Everyone has their own flavor of standups. Some do it standing up. Some do it sitting down. Some do it in a club with a microphone. I’ve never been that brave.
For me, the scrum standup goes like this. I break it into 3 parts.
- Preparation
- Meeting
- Close
Preparation
As you can see, the meeting begins before everyone joins. For me, answering the question “What did I do yesterday” can lead to me missing a few things. So I like to bring a list, written on a 3×5 card of what I did yesterday, what I’m planning on today, and what’s blocking. It helps me to remember, especially if it is the Monday after a weekend. Also, if anyone is out, I print out their standup report so I can read it aloud.
The space
I like to have everyone stand around a circular table, where we have our conference phone.
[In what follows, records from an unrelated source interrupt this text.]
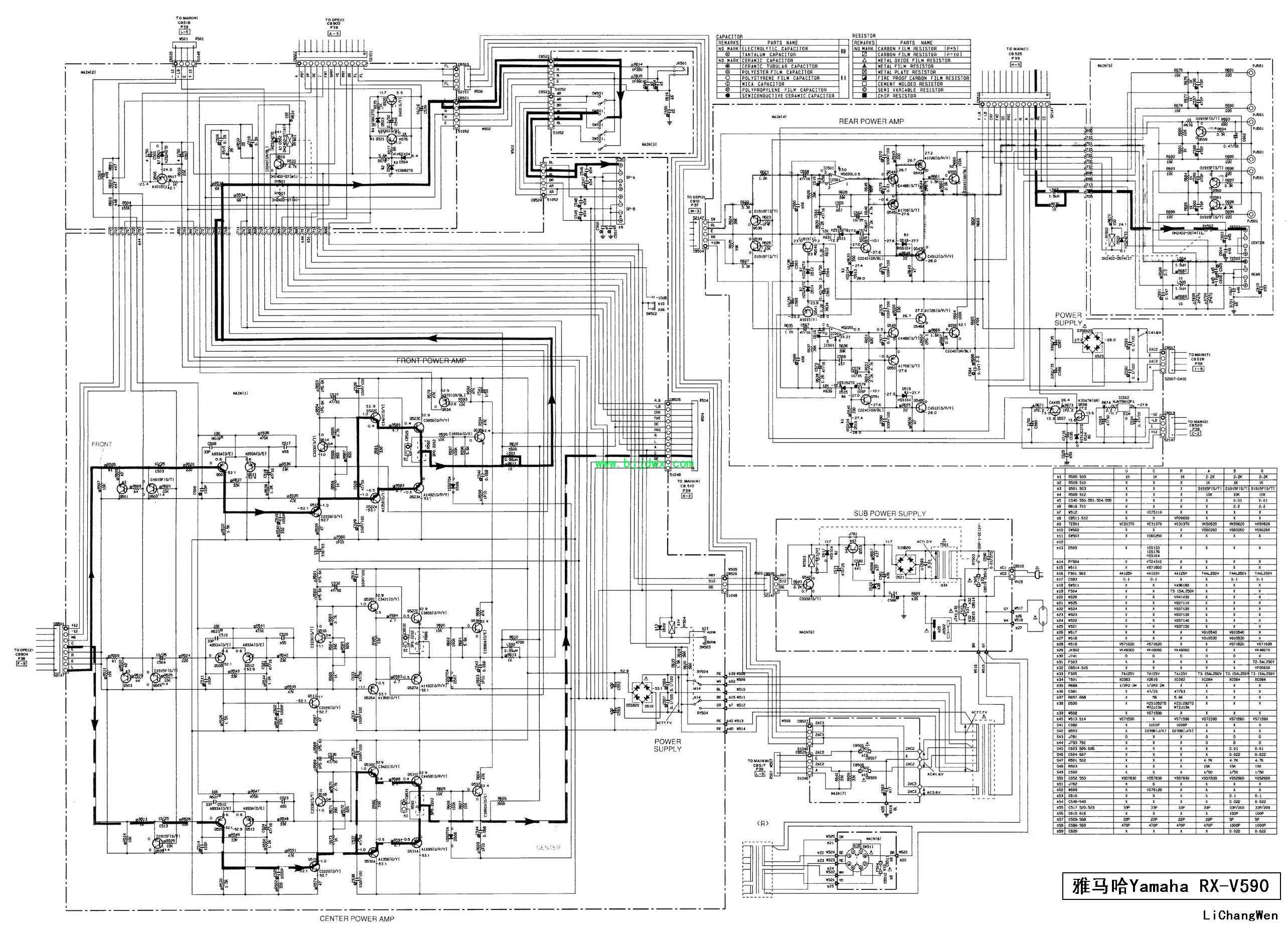 ��@#��������Yamaha   RX-V590.JPG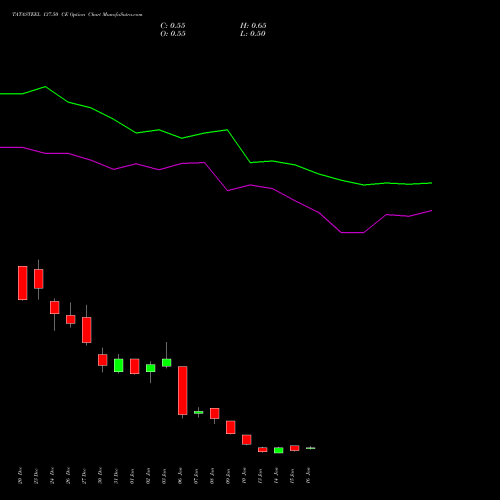 TATASTEEL 137.50 CE CALL indicators chart analysis Tata Steel Limited options price chart strike 137.50 CALL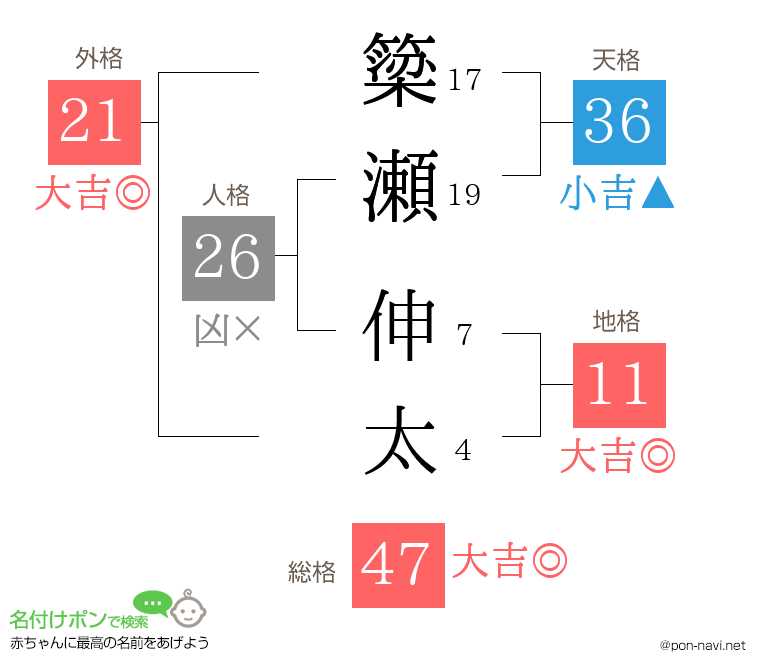 簗瀬 伸太さんの姓名判断結果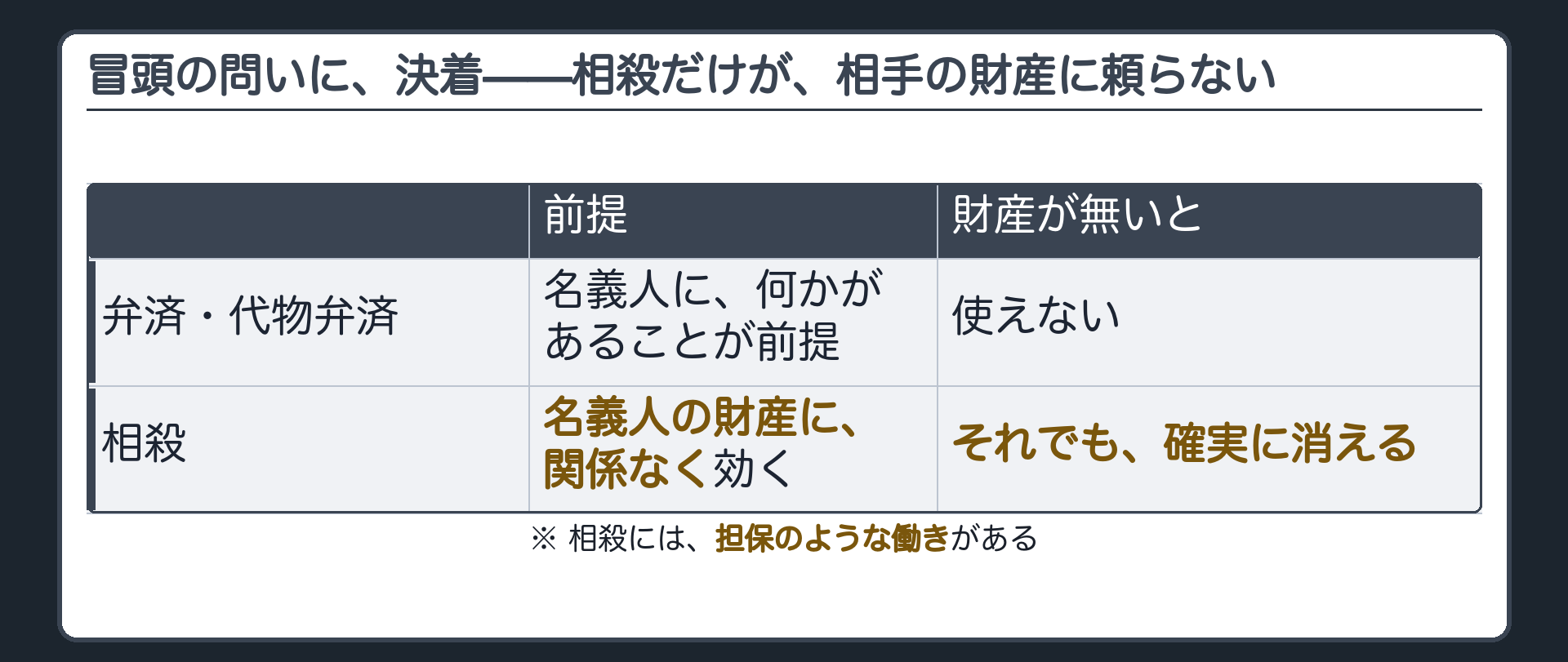 弁済と代物弁済は相手に何かがある前提だが相殺だけは財産の有無に関係なく効く決着板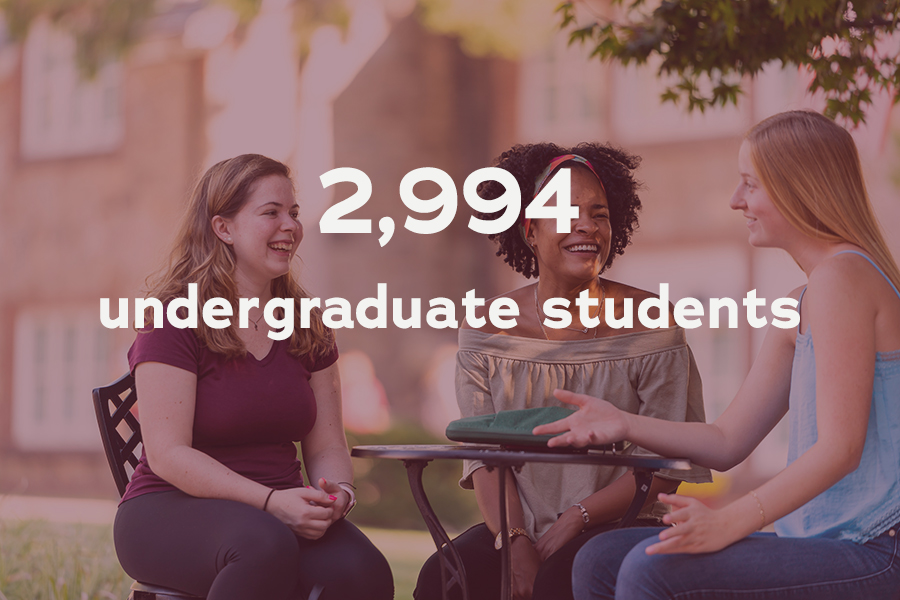 Iona University has 2,994 undergraduate students.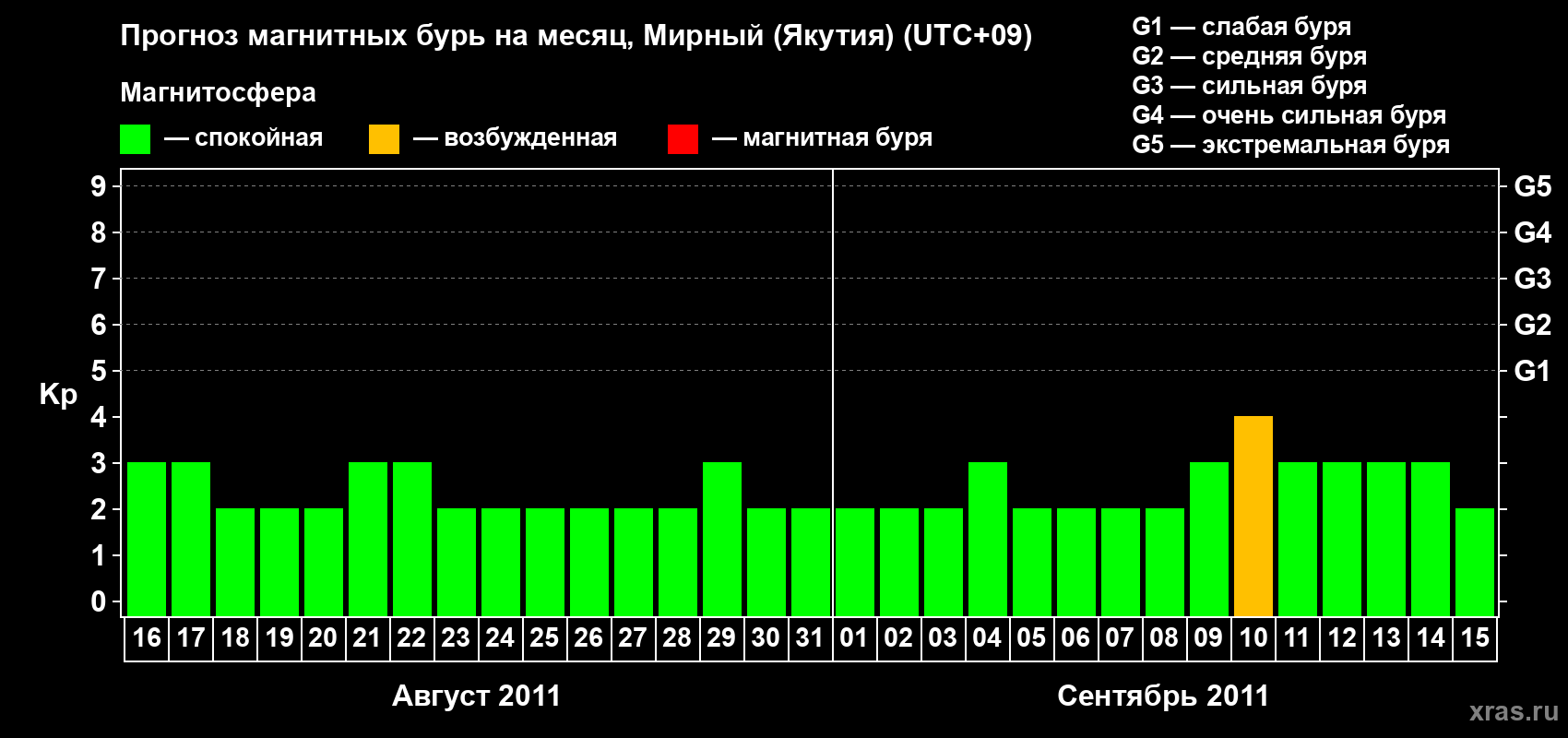 Прогноз максимального суточного геомагнитного индекса Kp на <b>1 месяц</b> (31 день) <b>с 16 августа по 15 сентября 2011 г</b>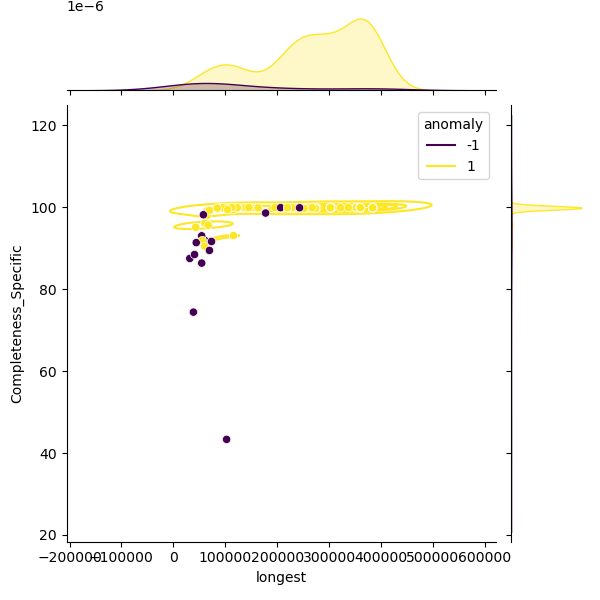 Deinococcus_radiodurans_sample_longest_Completeness_Specific.png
The team members should stand be fairly close together, not HR violation close, but close enough to hear the soft spoken introverts without having to repeat anything. We stand in the team open space, by our task board, whiteboard, burndown chart and our blockers board.
I will call into the conference call a minute or two before the standup begins. My product owner typically will join the call, since she is located off site. Note, it’s a good idea to turn off the conference call feature that makes callers wait for a chairperson. Otherwise, you’ll end up missing a standup one day and no one knows how to dial in the product owner.
For my standups, I actually standup and have all the team standup in the meeting. I find you reach decisions more quickly if you do.
Even though I’m the Scrum Master, I’ll typically stand with the team in the circle. I know Mike Cohn doesn’t, for fear that everyone will report to him, rather than eachother. However, I feel I that I’m a part of standup as much as anyone else, that since I’m asking others what they’ve done yesterday and will do today, I should be held to the same standard, even if it is just going to meetings, filing paperwork and sending emails.
Latecomers
We punish latecomers by making them dance or sing a song. I have yet to have someone sing a song, but have seen some very entertaining dancing (our SDET has graced us with the Madagascar dance “I like to Move It Move It!” a few times.) It’s a gentle way to reinforce that we start on time.
Meeting
During the actual meeting, I’ll ask who would like to start. Rather than start with one person, I find it’s more democratic to let someone who is ready go first.
We’ll go clockwise. Once we tried to go in alternating order, like a pinball machine. It didn’t work. Perhaps if we had a “conch shell” ala Lord of the Flies it would.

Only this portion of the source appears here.